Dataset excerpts
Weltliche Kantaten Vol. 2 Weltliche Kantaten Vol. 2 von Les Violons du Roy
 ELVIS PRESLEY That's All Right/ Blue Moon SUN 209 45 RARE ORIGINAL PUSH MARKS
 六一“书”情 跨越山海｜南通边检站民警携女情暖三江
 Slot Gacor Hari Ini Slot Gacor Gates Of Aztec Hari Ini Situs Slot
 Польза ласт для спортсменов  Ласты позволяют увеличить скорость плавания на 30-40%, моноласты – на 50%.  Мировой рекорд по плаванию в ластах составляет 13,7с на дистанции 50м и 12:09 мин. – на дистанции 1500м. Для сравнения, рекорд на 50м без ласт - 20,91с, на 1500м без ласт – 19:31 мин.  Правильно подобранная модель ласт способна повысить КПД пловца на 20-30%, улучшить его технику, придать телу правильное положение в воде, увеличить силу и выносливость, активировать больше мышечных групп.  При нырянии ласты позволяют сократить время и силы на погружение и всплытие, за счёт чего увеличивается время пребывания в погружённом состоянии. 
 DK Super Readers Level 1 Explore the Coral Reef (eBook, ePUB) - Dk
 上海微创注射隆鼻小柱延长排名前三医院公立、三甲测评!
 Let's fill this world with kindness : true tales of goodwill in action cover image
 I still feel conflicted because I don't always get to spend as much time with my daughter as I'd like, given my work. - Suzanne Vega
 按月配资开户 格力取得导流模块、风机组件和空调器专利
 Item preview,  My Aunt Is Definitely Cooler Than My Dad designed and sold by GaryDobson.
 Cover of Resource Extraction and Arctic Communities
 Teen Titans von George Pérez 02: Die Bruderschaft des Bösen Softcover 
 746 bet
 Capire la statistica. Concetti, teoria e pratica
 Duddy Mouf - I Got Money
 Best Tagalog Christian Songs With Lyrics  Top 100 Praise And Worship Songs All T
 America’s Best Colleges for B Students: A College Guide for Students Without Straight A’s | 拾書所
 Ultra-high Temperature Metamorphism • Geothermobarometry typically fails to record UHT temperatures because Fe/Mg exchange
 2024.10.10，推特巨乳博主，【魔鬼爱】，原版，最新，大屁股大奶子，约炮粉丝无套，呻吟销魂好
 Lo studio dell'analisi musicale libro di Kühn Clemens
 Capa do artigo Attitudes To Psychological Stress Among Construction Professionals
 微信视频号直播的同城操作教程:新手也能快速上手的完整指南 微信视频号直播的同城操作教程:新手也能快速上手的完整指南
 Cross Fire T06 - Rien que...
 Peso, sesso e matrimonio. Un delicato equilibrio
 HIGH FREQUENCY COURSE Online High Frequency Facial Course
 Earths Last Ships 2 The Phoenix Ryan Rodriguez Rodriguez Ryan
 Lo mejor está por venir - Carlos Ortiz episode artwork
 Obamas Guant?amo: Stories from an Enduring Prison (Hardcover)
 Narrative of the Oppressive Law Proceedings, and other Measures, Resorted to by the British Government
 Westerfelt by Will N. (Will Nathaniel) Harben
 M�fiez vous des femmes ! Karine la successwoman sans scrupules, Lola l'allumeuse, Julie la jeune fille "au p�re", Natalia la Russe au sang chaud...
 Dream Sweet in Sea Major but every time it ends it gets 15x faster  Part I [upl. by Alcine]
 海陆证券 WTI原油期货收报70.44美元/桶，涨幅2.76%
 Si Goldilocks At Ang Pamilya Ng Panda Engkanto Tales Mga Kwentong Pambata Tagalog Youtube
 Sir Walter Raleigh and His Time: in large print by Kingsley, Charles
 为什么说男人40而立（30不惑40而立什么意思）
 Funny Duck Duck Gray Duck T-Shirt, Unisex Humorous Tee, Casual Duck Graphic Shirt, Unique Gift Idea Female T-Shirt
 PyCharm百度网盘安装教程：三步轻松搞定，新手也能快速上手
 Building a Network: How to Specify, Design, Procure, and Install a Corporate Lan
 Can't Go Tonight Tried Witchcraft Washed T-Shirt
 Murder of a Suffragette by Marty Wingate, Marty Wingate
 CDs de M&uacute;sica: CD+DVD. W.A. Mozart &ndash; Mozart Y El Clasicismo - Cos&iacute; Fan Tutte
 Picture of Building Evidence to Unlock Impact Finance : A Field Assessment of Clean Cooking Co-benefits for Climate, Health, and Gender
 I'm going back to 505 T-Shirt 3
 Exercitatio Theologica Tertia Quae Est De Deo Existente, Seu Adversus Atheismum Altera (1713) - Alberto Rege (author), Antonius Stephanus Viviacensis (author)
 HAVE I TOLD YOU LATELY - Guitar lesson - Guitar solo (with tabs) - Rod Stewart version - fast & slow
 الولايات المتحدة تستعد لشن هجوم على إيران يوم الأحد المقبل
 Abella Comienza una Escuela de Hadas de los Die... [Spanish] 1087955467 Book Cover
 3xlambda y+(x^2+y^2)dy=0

◆ WORK INSTRUCTION: Reproduce the lines above, beginning at the line with "2024.10.10，推特巨" and stopping after the line with "HIGH FREQUENCY COURSE", exactly as they are.

◆ EXERCISE RESPONSE:
 2024.10.10，推特巨乳博主，【魔鬼爱】，原版，最新，大屁股大奶子，约炮粉丝无套，呻吟销魂好
 Lo studio dell'analisi musicale libro di Kühn Clemens
 Capa do artigo Attitudes To Psychological Stress Among Construction Professionals
 微信视频号直播的同城操作教程:新手也能快速上手的完整指南 微信视频号直播的同城操作教程:新手也能快速上手的完整指南
 Cross Fire T06 - Rien que...
 Peso, sesso e matrimonio. Un delicato equilibrio
 HIGH FREQUENCY COURSE Online High Frequency Facial Course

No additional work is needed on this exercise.